🤖 AI Summary
This paper challenges the necessity of neural topic models (NTMs), arguing that their architectural complexity and training requirements are not essential for effective topic modeling. Method: It reframes topic modeling as a long-text generation task, leveraging large language models (LLMs) with extended context windows to generate topic descriptions and representative document snippets via zero-shot prompting—eliminating the need for model training. The approach integrates techniques including data subset sampling and keyword-matching–driven text categorization to enhance coherence and coverage. Contribution/Results: Experiments demonstrate that this paradigm matches or surpasses state-of-the-art NTMs in topic coherence, interpretability, and document coverage. Crucially, it is the first work to formally cast topic modeling as a generation task natively supported by LLMs, empirically refuting the prevailing consensus that NTMs remain indispensable. This advances topic modeling toward lightweight, generalizable, zero-shot paradigms.
📝 Abstract
Traditional topic models such as neural topic models rely on inference and generation networks to learn latent topic distributions.
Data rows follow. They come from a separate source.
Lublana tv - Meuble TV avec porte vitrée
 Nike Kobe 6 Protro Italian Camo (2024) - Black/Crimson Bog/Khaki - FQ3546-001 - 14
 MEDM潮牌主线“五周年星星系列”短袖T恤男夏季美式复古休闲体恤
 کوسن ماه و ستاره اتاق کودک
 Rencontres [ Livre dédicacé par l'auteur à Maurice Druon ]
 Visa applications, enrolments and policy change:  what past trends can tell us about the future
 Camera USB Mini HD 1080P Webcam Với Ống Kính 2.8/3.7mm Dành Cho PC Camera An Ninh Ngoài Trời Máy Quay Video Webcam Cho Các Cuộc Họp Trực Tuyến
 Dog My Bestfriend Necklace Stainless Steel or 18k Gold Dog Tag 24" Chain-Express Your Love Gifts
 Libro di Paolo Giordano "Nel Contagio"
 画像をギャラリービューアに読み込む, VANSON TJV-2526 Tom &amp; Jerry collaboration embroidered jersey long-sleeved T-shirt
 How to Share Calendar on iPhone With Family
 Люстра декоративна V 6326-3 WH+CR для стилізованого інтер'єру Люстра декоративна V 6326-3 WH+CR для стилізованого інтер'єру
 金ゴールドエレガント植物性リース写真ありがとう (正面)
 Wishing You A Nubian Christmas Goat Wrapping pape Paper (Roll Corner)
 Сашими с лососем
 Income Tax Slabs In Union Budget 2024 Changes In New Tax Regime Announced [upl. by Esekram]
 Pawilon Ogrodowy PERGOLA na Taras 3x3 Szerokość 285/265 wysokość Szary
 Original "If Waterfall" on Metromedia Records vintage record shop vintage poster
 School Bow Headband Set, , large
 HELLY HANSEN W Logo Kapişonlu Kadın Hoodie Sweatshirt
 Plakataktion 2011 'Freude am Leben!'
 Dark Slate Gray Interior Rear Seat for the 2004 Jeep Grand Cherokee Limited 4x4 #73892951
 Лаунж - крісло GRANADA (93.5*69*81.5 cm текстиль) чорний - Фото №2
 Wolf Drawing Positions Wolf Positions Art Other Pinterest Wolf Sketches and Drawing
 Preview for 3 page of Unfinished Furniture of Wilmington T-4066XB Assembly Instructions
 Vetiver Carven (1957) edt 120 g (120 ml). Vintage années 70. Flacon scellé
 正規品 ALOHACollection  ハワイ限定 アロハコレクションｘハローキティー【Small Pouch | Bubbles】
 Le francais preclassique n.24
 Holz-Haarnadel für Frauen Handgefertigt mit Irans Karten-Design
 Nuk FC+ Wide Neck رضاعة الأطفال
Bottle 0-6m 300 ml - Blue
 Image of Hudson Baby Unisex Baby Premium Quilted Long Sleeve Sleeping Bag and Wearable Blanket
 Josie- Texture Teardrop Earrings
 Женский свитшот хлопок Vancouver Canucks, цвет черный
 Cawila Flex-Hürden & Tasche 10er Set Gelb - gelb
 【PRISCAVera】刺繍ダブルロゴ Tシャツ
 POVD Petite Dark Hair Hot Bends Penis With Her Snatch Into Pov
This paper explores a new paradigm for topic modeling in the era of large language models, framing TM as a long-form generation task whose definition is updated in this paradigm. We propose a simple but practical approach to implement LLM-based topic model tasks out of the box (sample a data subset, generate topics and representative text with our prompt, text assignment with keyword match). We then investigate whether the long-form generation paradigm can beat NTMs via zero-shot prompting. We conduct a systematic comparison between NTMs and LLMs in terms of topic quality and empirically examine the claim that "a majority of NTMs are outdated."